A majority of respondents to a CNBC Fed Survey said the US Federal Reserve, or central bank, will begin cutting interest rates in June.
Price predictions
Mining Weekly reported last week that BMI has maintained its average yearly copper price forecast at $8,800 per tonne, or $3.99 a pound — higher than the 2023 average of $3.86, due to an anticipated decline in US dollar strength and supply constraints.
According to BMI, global refined copper production will grow by 3.1% this year, supported by Chinese expansion capacity. (To ensure self-sufficiency, China is growing its network of copper smelters, meaning it will start to import much more unrefined copper ore for processing domestically. Read more)
But the copper market will remain tight, says BMI, due to supply issues in Panama. Last year 400,000 tonnes of global copper production was lost when the government abruptly ordered First Quantum Minerals to end operations at Cobre Panama. The $10-billion copper mine had only been running for four years.
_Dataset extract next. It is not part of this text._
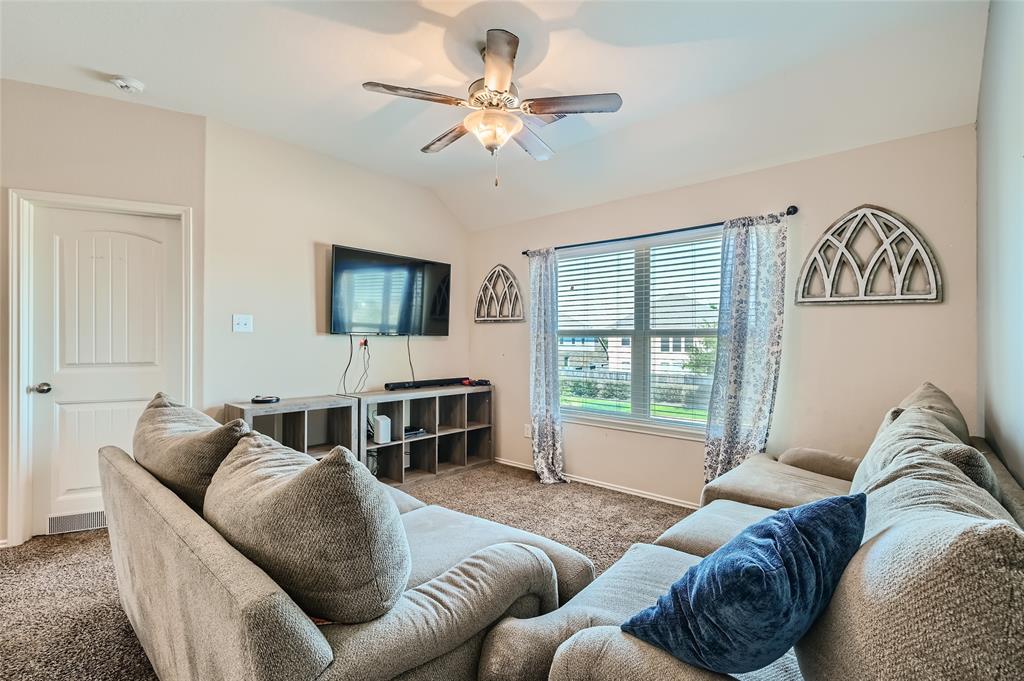 430 Branch Oak Court, La Marque, Texas image 12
BMI forecasts global copper consumption to grow 3.5% to 28 million tonnes in 2024, and for demand to increase from 27 million tonnes in 2023 to 38-million tonnes in 2032, averaging 3.9% yearly growth.
Yet, the US Geological Survey reports supply from copper mines in 2022 amounted to only 22 million tonnes. The 2023 figures aren’t in yet.
Meanwhile, the state-run Chilean Copper Commission, Cochilco, said on Monday it is raising its 2024 copper price projection to $3.85 from $3.75. In a statement, Cochilco said it is more bullish on copper due to “factors like the normalization of monetary policy in the United States,” but mostly due to demand from the energy transition and electric vehicles. (Reuters, Jan. 15, 2024)
The report said it expects Chilean copper production to rise by 5.7% to 5.63 million metric tons in 2024, largely due to more production from Teck’s Quebrada Blanca II project, and 6 million tons in 2025.
The agency foresees global copper production rising 5.8% to 22.79 million tons in 2024 and 23.50 million tons in 2025. Global demand is expected to rise 3.2% to 26.13 million tons in 2024.
Supply constraints
Chile is the world’s largest copper producer, outputting 5.2 million tonnes in 2022 according to the USGS. The country also has the biggest copper-mining company, state-owned Codelco.
Bloomberg wrote last week that Codelco’s production in 2023 was the lowest in 25 years, following a series of setbacks at projects and mines that exacerbated the impact of declining ore quality after decades of underinvestment.
Production for the last three months of 2023 was 358,000 tonnes, less than the 384,000 tonnes produced in the fourth quarter of 2022 alone. Full-year production was 1.324 million tons.
Chile’s copper output has been dented by a long-running drought in the country’s arid north. Cochilco estimates the use of desalination at mines to increase 156% through 2030, with 90% of the desalinated seawater used for copper processing.
Neighboring Peru, which accounts for 10% of world copper supply, has been racked by protests since its former president was ousted in 2022. Last November, a strike at Las Bambas, a copper mine owned by China’s MMG Ltd., threatened ~250,000 tonnes of annual production.
Resource nationalism in Panama has become a real problem for existing and potential mines. Along with the Cobre Panama shutdown, on Dec. 18 it was reported that the Panamanian Ministry of Commerce and Industry canceled Orla Mining’s requests for extending three mining concessions at its Cerro Quema project — despite the fact that the company had already invested $120 million in Panama.
Deficit-bound
Goldman Sachs, via Oilprice.com, has said it predicts a deficit of over half a million tonnes in 2024 due to mining disruptions. “The supply cuts reinforce our view that the copper market is entering a period of much clearer tightening,” analysts at the influential bank wrote.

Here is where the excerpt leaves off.